*Brief*. Before printing the listing, strip out its pictures and keep everything else exact.

### Source data

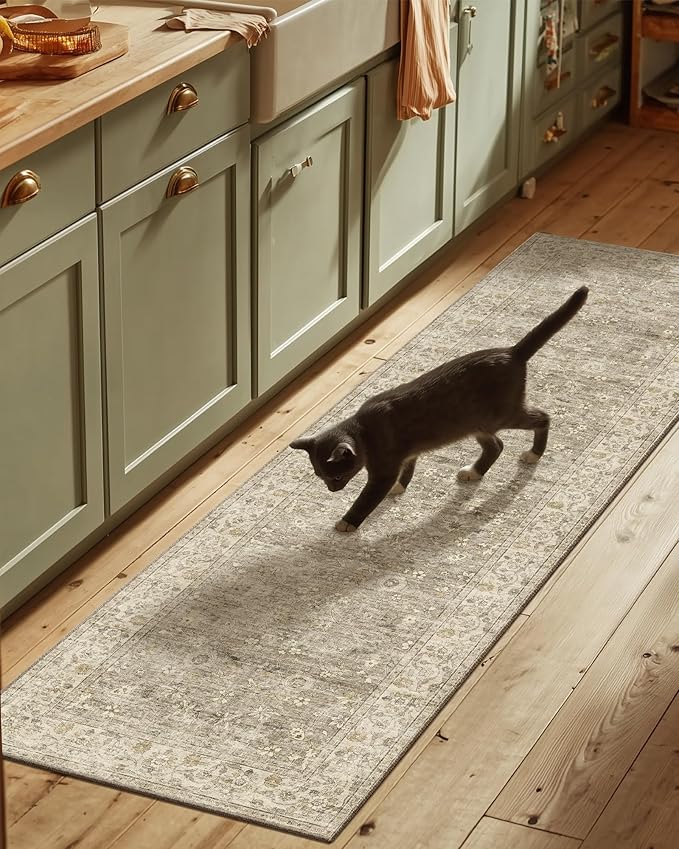 Washable Kitchen Rug Runners for Hallways: 2'6"x8' Bedroom Runner Rug Non Slip Low-Pile Stain Resistant Soft Indoor Floor Carpet Runner for Indoor Entryway Hallways Kitchen Laundry Room Farmhouse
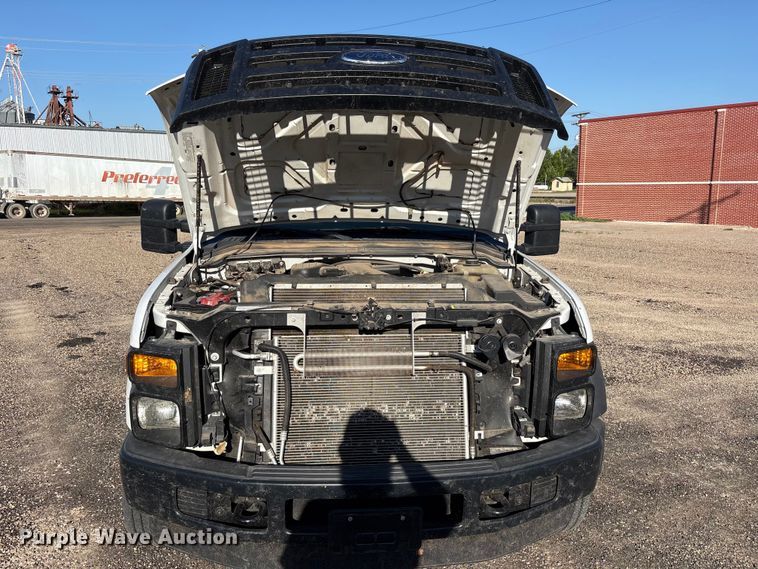 image for item FC2501 2008 Ford F450 flatbed truck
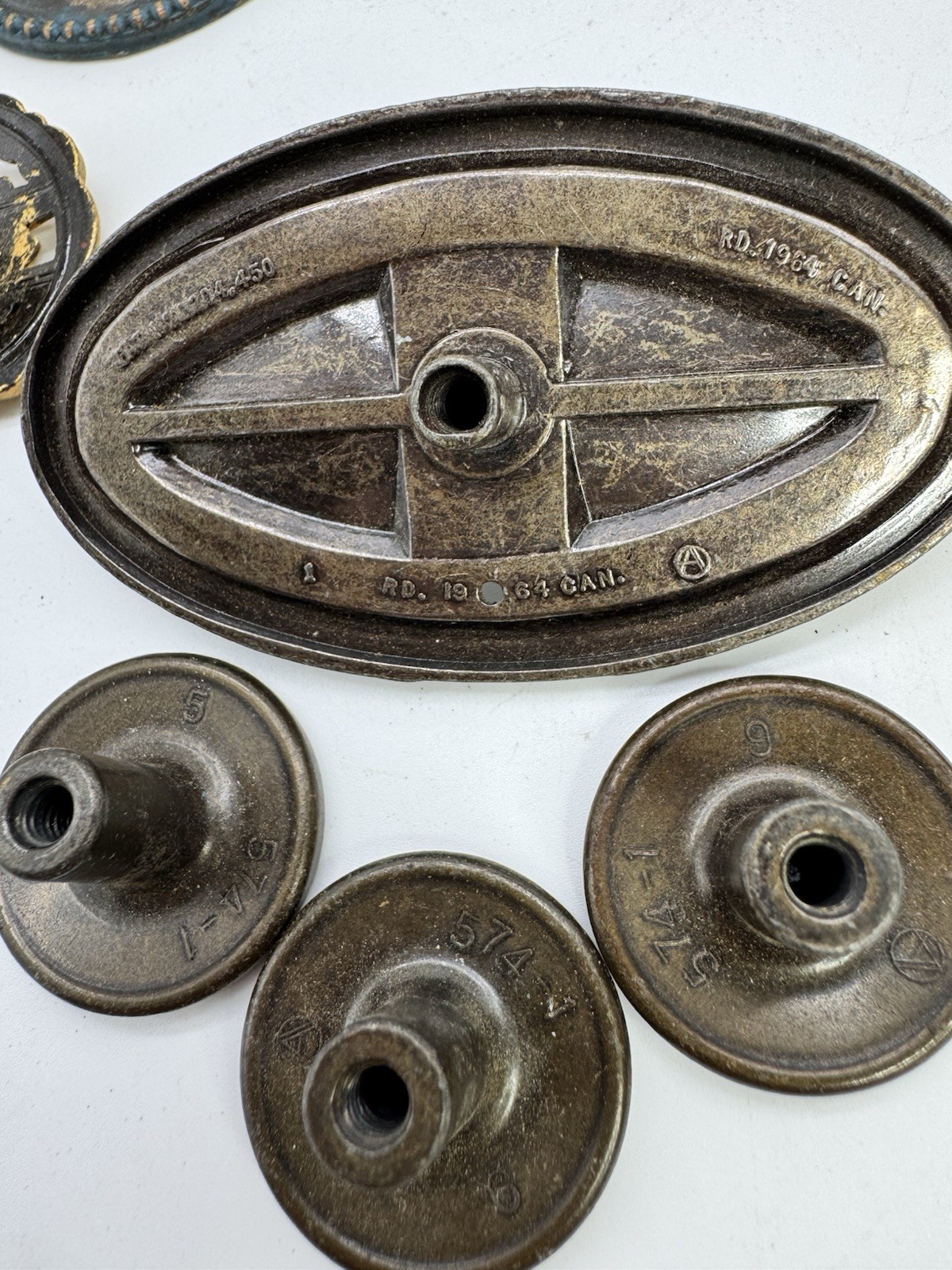 Vintage Brass Drawer Pulls Knobs Lot Ornate Hardware Mixed Antique Style 20 Lot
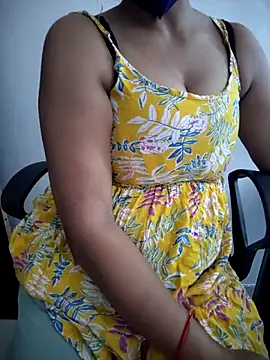 Snapshot of your_favourite_bhabhi chatting on March 2026 08:51:01 AM your favourite bhabhi online show from March 2026 08:51:01 AM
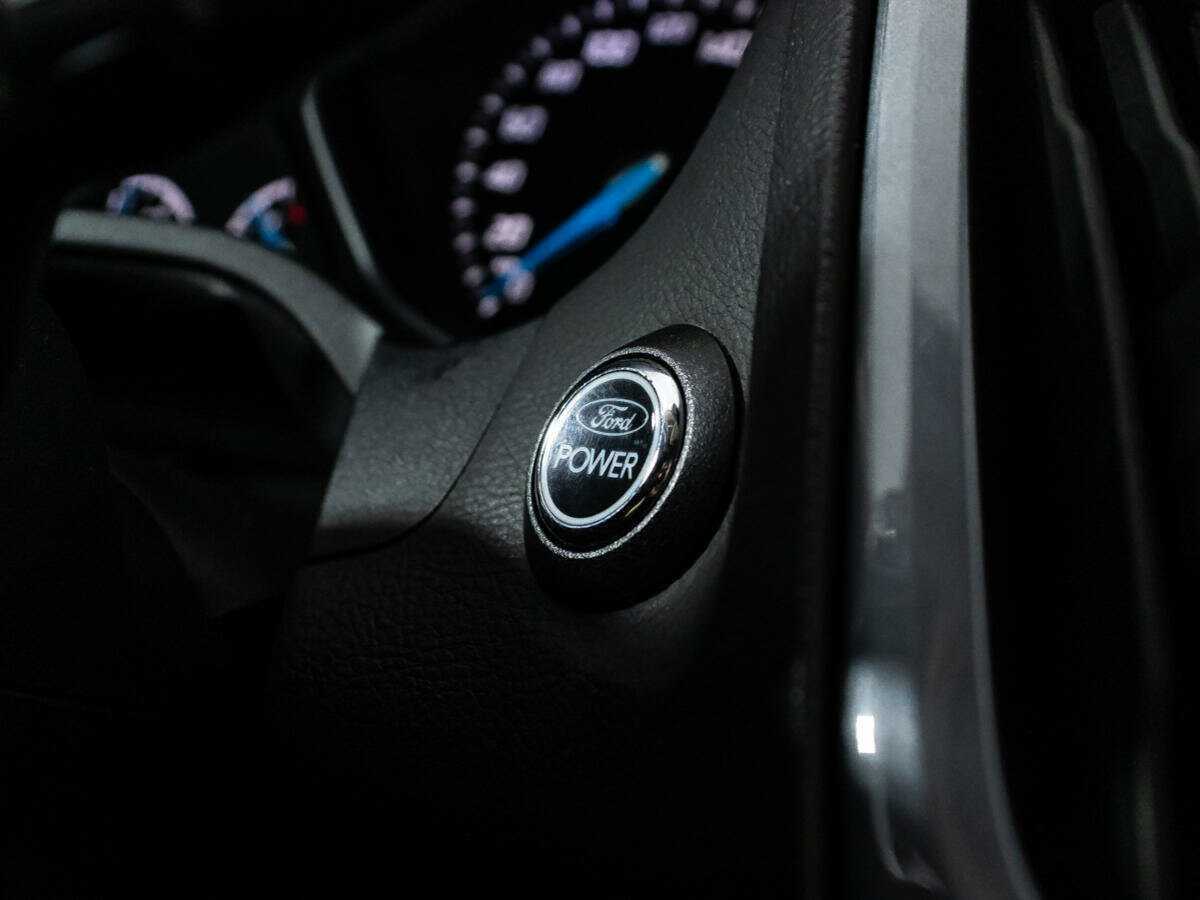Ford Focus с пробегом — 2013 год. Фото: #15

######

*Answer space*.
 Washable Kitchen Rug Runners for Hallways: 2'6"x8' Bedroom Runner Rug Non Slip Low-Pile Stain Resistant Soft Indoor Floor Carpet Runner for Indoor Entryway Hallways Kitchen Laundry Room Farmhouse
 image for item FC2501 2008 Ford F450 flatbed truck
 Vintage Brass Drawer Pulls Knobs Lot Ornate Hardware Mixed Antique Style 20 Lot
 Snapshot of your_favourite_bhabhi chatting on March 2026 08:51:01 AM your favourite bhabhi online show from March 2026 08:51:01 AM
Ford Focus с пробегом — 2013 год. Фото: #15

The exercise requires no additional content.